Task goal →
After locating the line with "The bells ring" in the entries below, output it and each following line up to and including the line with "2021 Pokemon Card", exactly and without pictures.

Entries shown →
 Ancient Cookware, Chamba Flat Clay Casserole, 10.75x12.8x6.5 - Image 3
...
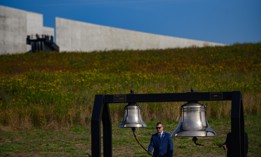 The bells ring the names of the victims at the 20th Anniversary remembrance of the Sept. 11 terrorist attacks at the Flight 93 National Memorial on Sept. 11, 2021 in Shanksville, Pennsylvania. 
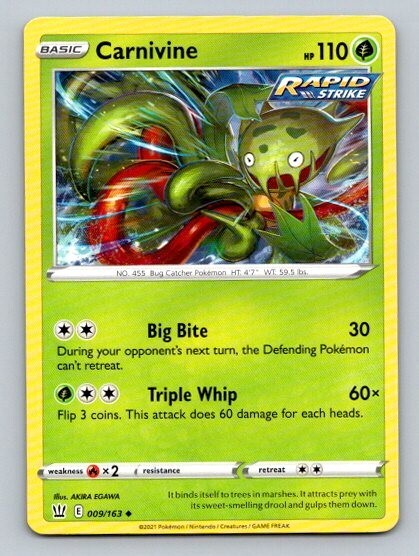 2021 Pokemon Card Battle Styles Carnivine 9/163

Task response →
 The bells ring the names of the victims at the 20th Anniversary remembrance of the Sept. 11 terrorist attacks at the Flight 93 National Memorial on Sept. 11, 2021 in Shanksville, Pennsylvania. 
 2021 Pokemon Card Battle Styles Carnivine 9/163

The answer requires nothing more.